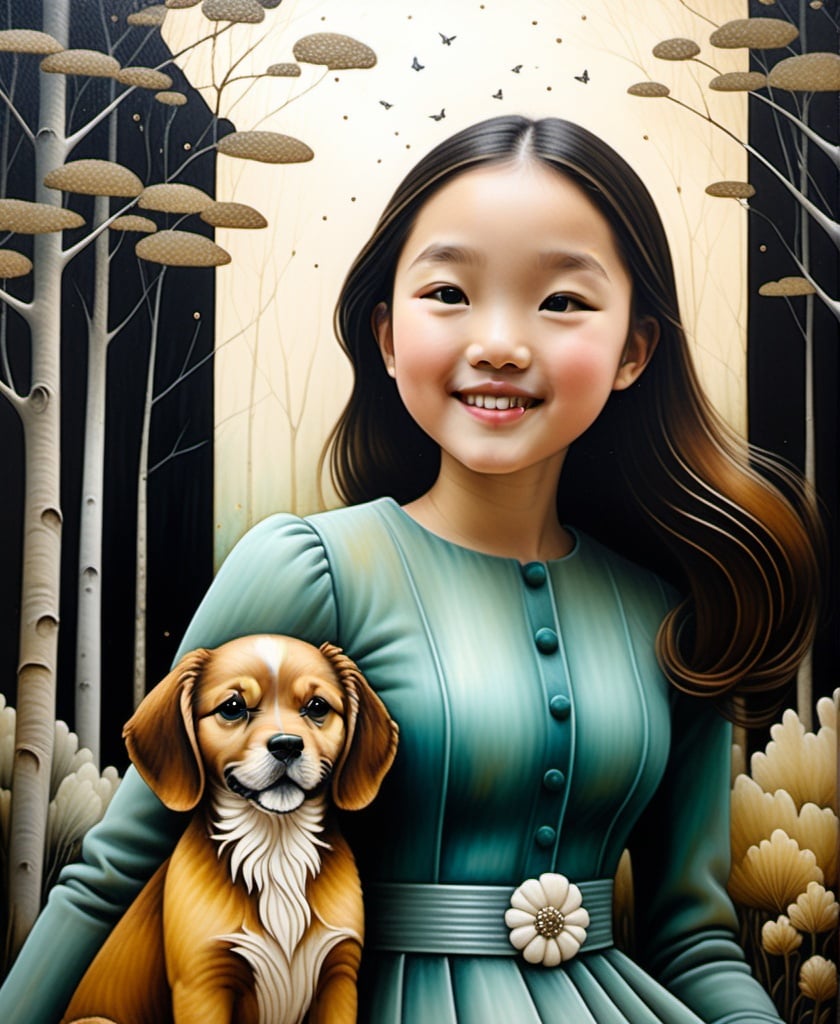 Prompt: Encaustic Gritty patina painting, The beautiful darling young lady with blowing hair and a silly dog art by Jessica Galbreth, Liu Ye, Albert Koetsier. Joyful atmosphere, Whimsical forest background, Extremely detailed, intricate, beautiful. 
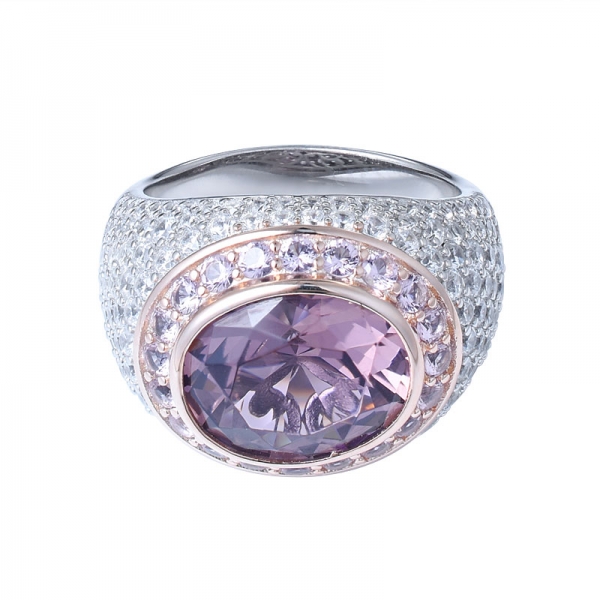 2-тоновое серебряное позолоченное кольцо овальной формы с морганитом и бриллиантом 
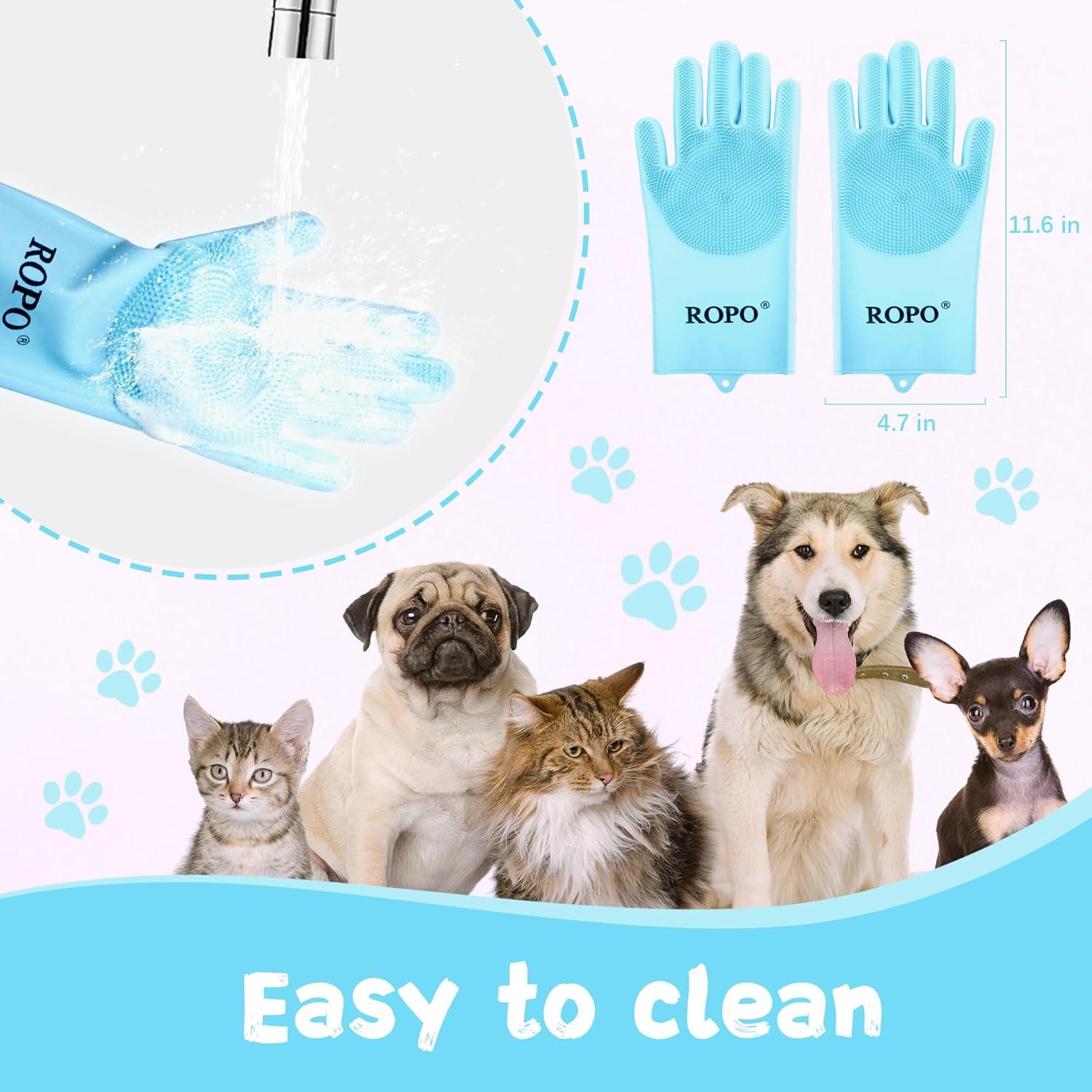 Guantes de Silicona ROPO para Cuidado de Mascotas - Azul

════════════════

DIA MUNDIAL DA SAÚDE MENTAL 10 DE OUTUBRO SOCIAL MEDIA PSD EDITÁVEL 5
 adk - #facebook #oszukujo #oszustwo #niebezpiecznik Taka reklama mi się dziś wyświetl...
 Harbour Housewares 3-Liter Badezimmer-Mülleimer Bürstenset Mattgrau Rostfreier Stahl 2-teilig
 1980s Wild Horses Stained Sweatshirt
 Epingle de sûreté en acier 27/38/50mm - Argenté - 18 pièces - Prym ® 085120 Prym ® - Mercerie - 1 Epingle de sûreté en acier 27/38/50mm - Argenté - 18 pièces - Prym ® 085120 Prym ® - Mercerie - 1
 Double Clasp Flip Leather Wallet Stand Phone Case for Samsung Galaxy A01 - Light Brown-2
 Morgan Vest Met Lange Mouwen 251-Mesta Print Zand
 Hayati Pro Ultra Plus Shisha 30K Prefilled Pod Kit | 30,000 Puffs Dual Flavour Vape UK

════════════════

> [Task statement]:
In the data above, start at the line that has "Double Clasp Flip", stop after the line that has "Hayati Pro Ultra", and print every line in between exactly as it stands.

> [Expected answer]:
 Double Clasp Flip Leather Wallet Stand Phone Case for Samsung Galaxy A01 - Light Brown-2
 Morgan Vest Met Lange Mouwen 251-Mesta Print Zand
 Hayati Pro Ultra Plus Shisha 30K Prefilled Pod Kit | 30,000 Puffs Dual Flavour Vape UK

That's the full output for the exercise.